In my previous post I discussed an instance where SCOM was failing to monitor the space of a SQL Server database. In this latest post I want to bring to light an issue that was altogether more serious.
I particularly wanted to write this post because, although there are a number of possible reasons for SCOM not discovering SQL Server instances, this specific reason is not particularly well documented (if at all) and I’m hoping that it will help others avoid the situation or, at least, be able to fix it if they encounter it.
The Problem
The problem became apparent when we noticed some backup failures had occurred on a specific SQL Server instance but we had received no corresponding SCOM alerts. Browsing through the list of SQL Servers in discovered inventory, it quickly became obvious that none of the SQL Server instances on this particular cluster were present (5 instances in all – a mixture of SQL Server 2005 and SQL Server 2008 R2 instances).
Initially, attention was focussed on the SQL discovery process, for both the 2008 and 2005 discoveries. Following Kevin Holman’s post on troubleshooting discovery scripts (here) the DiscoverSQL2005DBEngineDiscovery.vbs and 2008-equivalent scripts were manually executed on the cluster nodes that were hosting the SQL Server instances. In both cases, the scripts succeeded.
However, what was spotted was a warning (EventID 10000) with the following description:
A scheduled discovery task was not started because the previous task for that discovery was still executing.
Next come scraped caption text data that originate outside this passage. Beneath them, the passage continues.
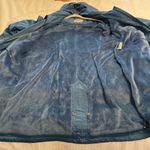 Weiboer Women’s Jacket size shows 56 teal color long 40” bust 50” Photo 11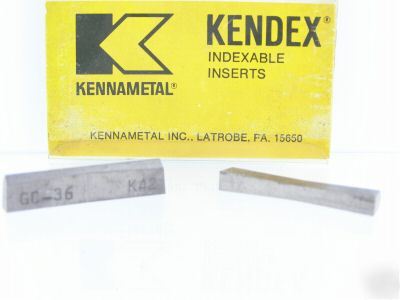 New 11 kennametal GC36 K42 & K68 carbide inserts L368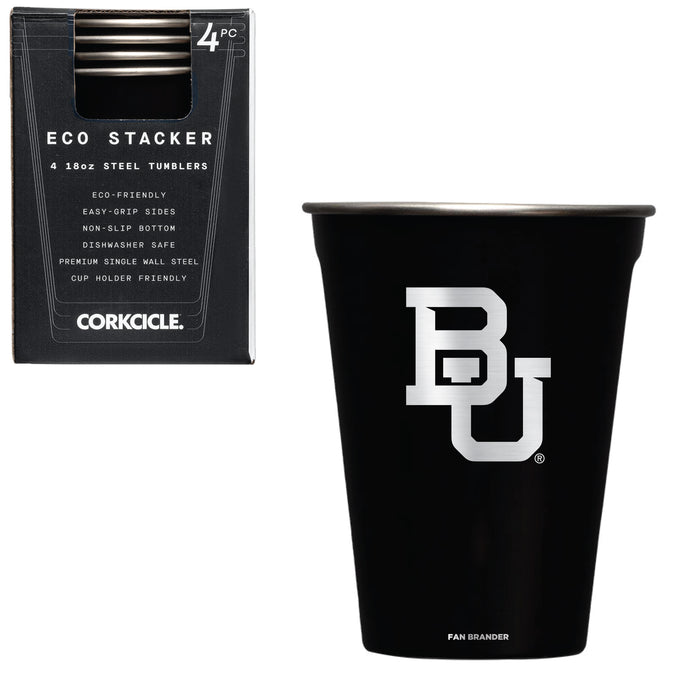Corkcicle Eco Stacker Cup with Baylor Bears Primary Logo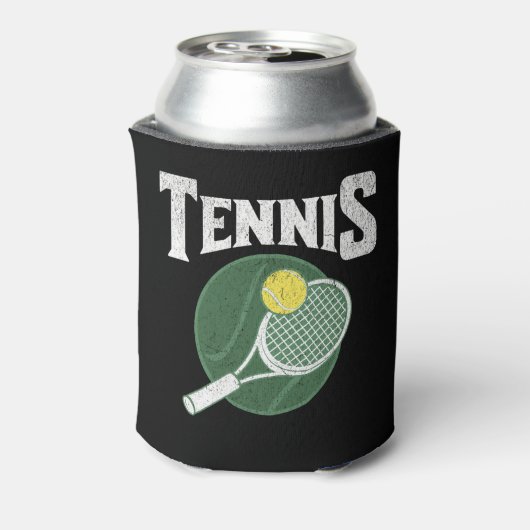 Tennisdesign Dosenkühler (Kanne Rückseite)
Discovery name: Microsoft.Windows.2008.Cluster.Monitoring.Discovery
Instance name: Cluster Service
Management group name: ########
This warning was appearing every 4 hours, which corresponded with the frequency that the cluster discovery runs at. It was also interesting because, by all accounts, the cluster was discovered. I could see the resources and their groups in discovered inventory and we did receive alerts if resources failed or went offline.
Unfortunately, I’d missed something. Whilst the cluster service had been discovered, as had the resources, none of the associated computer objects for the cluster had been discovered. Even the cluster name itself was missing from the BaseManagedEntity table in the OperationsManager database.
So clearly, whilst some parts of cluster discovery had completed, the process as a whole hadn’t.
The Cause
The following article describes a situation under which not all cluster resources might be discovered if the cluster has orphaned entries in the cluster hive registry key. Specifically, HKEY_LOCAL_MACHINE\Cluster\Resources.
Running Get-ClusterResource against the cluster returned some interesting results. Firstly, there were a number of resources (3 to be exact) that were being returned but were not showing up in Cluster Failover Manager. The other interesting thing was that these resources (2 SQL Server resources and one SQL Network Name) were appearing to belong to the “Available Storage” group.
The 3 resources used to belong to old SQL Server instances that had previously been uninstalled. For whatever reason, the resources hadn’t been completely cleaned up from the cluster and SCOM was trying to discover them (unsuccessfully).
Also of note is the fact that the cluster discovery wasn’t actually failing – or if it was, there were no reported errors. It’s almost as if the discovery was just stuck in a loop of trying to discover some non-existent resources, getting nowhere, but determined to keep on trying. A consequence of this was that the cluster (as a whole) never finished being discovered and the SQL Server instances, which were part of the cluster, were never discovered. I assume that the same potential problem could befall other products that belong to a cluster.
The fix, in the end, was simple. Using the PowerShell command Remove-ClusterResource for the “non-existent” resources worked first time, and within a short period of time the rest of the cluster, and the SQL Server instances were successfully discovered.
Although it’s likely to be quite a rare occurrence, hopefully this post might save someone time and effort should they encounter the same issue.